Субмарина - [67]
— Сахар, сливки?
— Сахар, пожалуйста, если можно.
Шарлотта снова идет на кухню, я слышу, как она гремит чем-то в шкафу. Кричу:
— Ничего страшного, если сахара нет, я и так пью!
— Да нет, сахар есть…
Квартира Майка и Шарлотты находится на Вестебро, рядом с Энгхаве-плас. Голубые стены, старый, обтянутый зеленым велюром диван. На центральном месте в гостиной — проигрыватель Майка, большие колонки и пластинки в деревянных ящиках. Картина над диваном нарисована одним из друзей, широкими, черными и красными мазками.
Она возвращается, гордо протягивая сахарницу из желтого фаянса:
— Вуаля! Я же помню, что был сахар.
Сидим, курим. Шарлотта изменилась. Не знаю, в чем это выражается. Она по-прежнему красива: стройная, кудрявая. Стала старше, но дело не в этом. Что-то изменилось. Она никогда не кололась, сколько я ее знал. Не прикасалась даже. К слабостям Майка относилась снисходительно, но сама — никогда. Дело не в этом, я бы сразу понял. Здесь что-то другое. Не знаю почему, но мне становится не по себе. Оттого что все здесь осталось по-прежнему, а в ней самой что-то изменилось.
— Так он скоро придет?
— Да. Наверное, встретил кого-нибудь на улице. Ты же его знаешь.

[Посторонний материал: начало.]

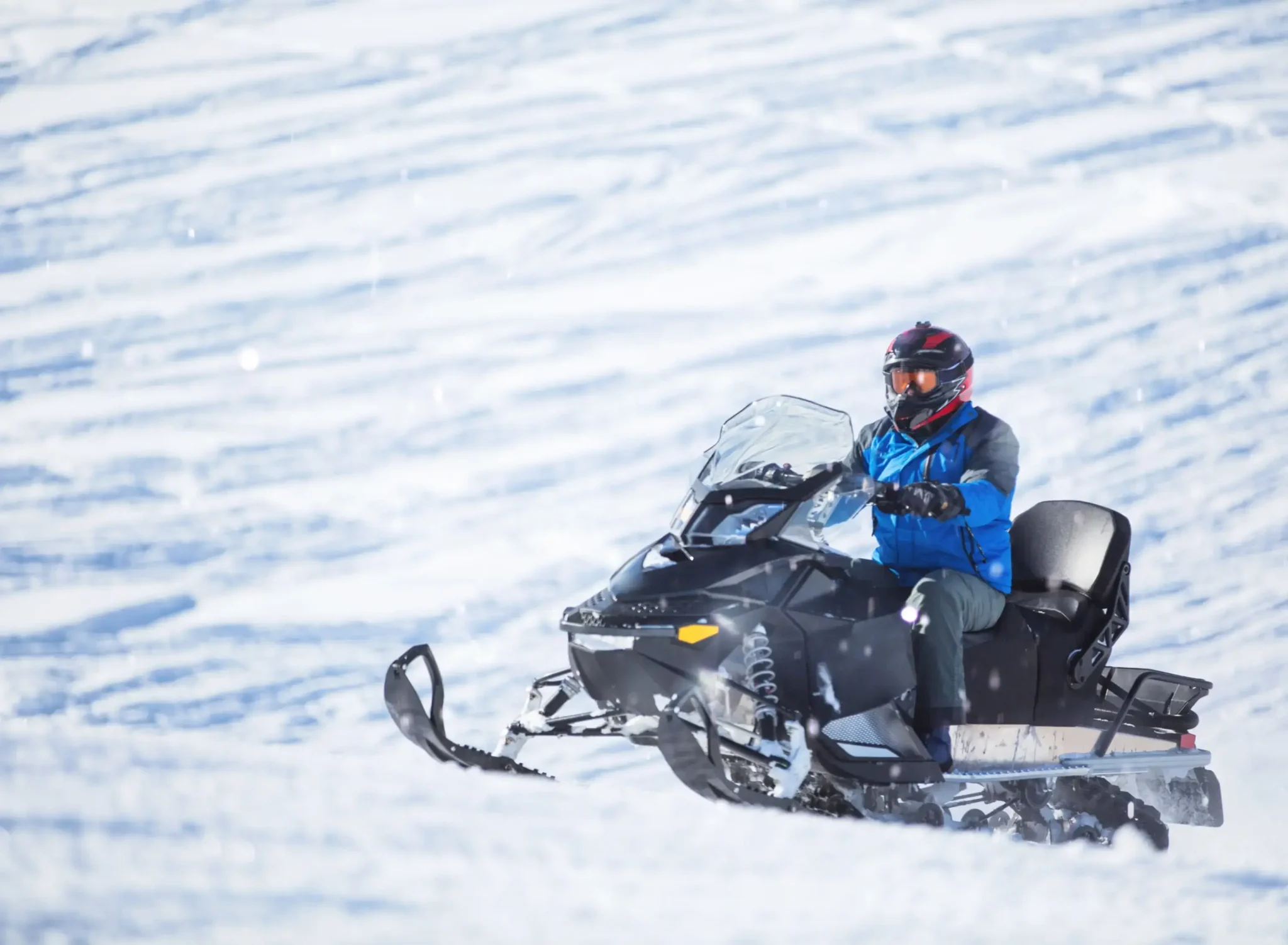 Mężczyzna w kasku i kurtce zimowej prowadzi skuter śnieżny na pokrytym śniegiem terenie w Bieszczadach. Adrenalina i zimowe przygody w malowniczym otoczeniu.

Да, когда-то я хорошо его знал. Майк, думаю я. Майк. Единственный парень в школьном дворе, который мог нормально курить, ну, так, чтобы это смотрелось естественно. Держал сигарету и так и сяк, умел выдувать колечки, а в конце щелчком отбрасывал окурок, так что он описывал длинную дугу, вот такое эффектное окончание. Когда так делал кто-то из нас, остальных, это всегда выглядело подражанием. Он курил заразительно. Так, что не курить было стыдно. Ты был вынужден закурить. Таким был Майк. По поводу героина. Он никогда никого не уговаривал попробовать. Никогда не рассказывал, что сам сидит, никакой рекламы, ни малейшей. Но все знали, что он колется. Иногда. Когда мы говорили об этом, он на чем свет стоит ругал наркоманов, собирающихся у церкви Святой Марии на Истедгаде[16]: они кололись каждый день, они были зависимыми. Говорил, что они не понимают сути героина. Жалкие создания, не в состоянии с собой справиться. Такие всегда будут. Вот ты распиваешь иногда бутылочку хорошего красного? Да? И что, ты от этого становишься алкоголиком? Майк знал кучу народа, массу разных людей. Он мог указать тебе на тех, кто употребляет. И говорил об этом приглушенным голосом, как о каком-то закрытом клубе.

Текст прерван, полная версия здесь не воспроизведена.